Ale myślę że trzeba zaryzykować
- daysy
- Przyjaciel Forum - gold
- Posty: 4554
- Od: 13 lut 2014, o 12:45
- Opryskiwacze MAROLEX: 0 szt.
- Lokalizacja: woj.łódzkie
Re: Aprilkowy las ......i róże. Cz 7
Dzięki za podpowiedź w sprawie traw, a powiesz mi co to za ciemna trawa rośnie przy hortensjach?. Ja w tym roku posiałam ryż ozdobny, też był taki ciemny, ale dużo niższy niż Twoja trawa. Jeden krzaczek zasmakował mojej Sarze, która systematycznie go uszczykiwała przez co stracił na urodzie.

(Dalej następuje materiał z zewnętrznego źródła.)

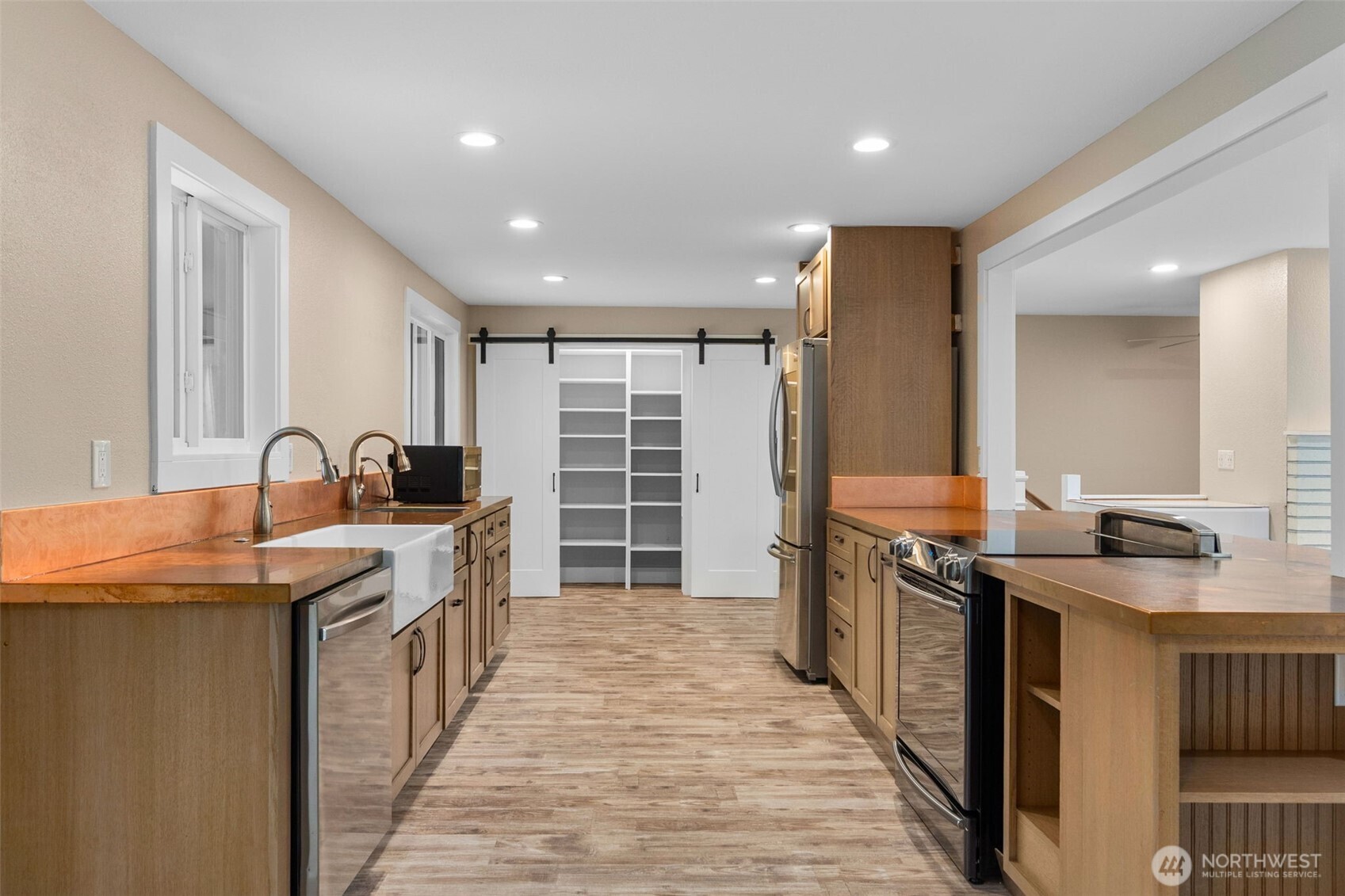 9009 Ridgeview Circle W University Place WA 98466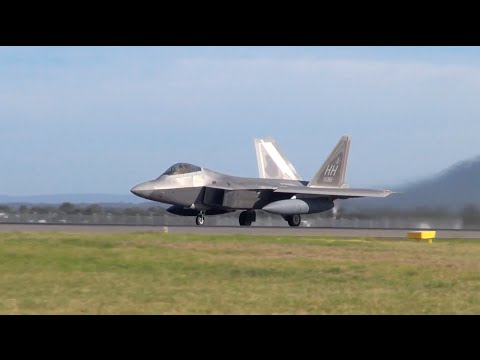 US Air Force F22 Raptors full afterburner takeoff! - Avalon International Airshow 2015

W przyszłym roku posieję więcej i wcześniej, bo późną jesienią zobaczyłam, że ma również kwiatostany, tylko jasno zielone, które pięknie wyglądały na ciemnym tle liści.
W przyszłym roku posieję więcej i wcześniej, bo późną jesienią zobaczyłam, że ma również kwiatostany, tylko jasno zielone, które pięknie wyglądały na ciemnym tle liści.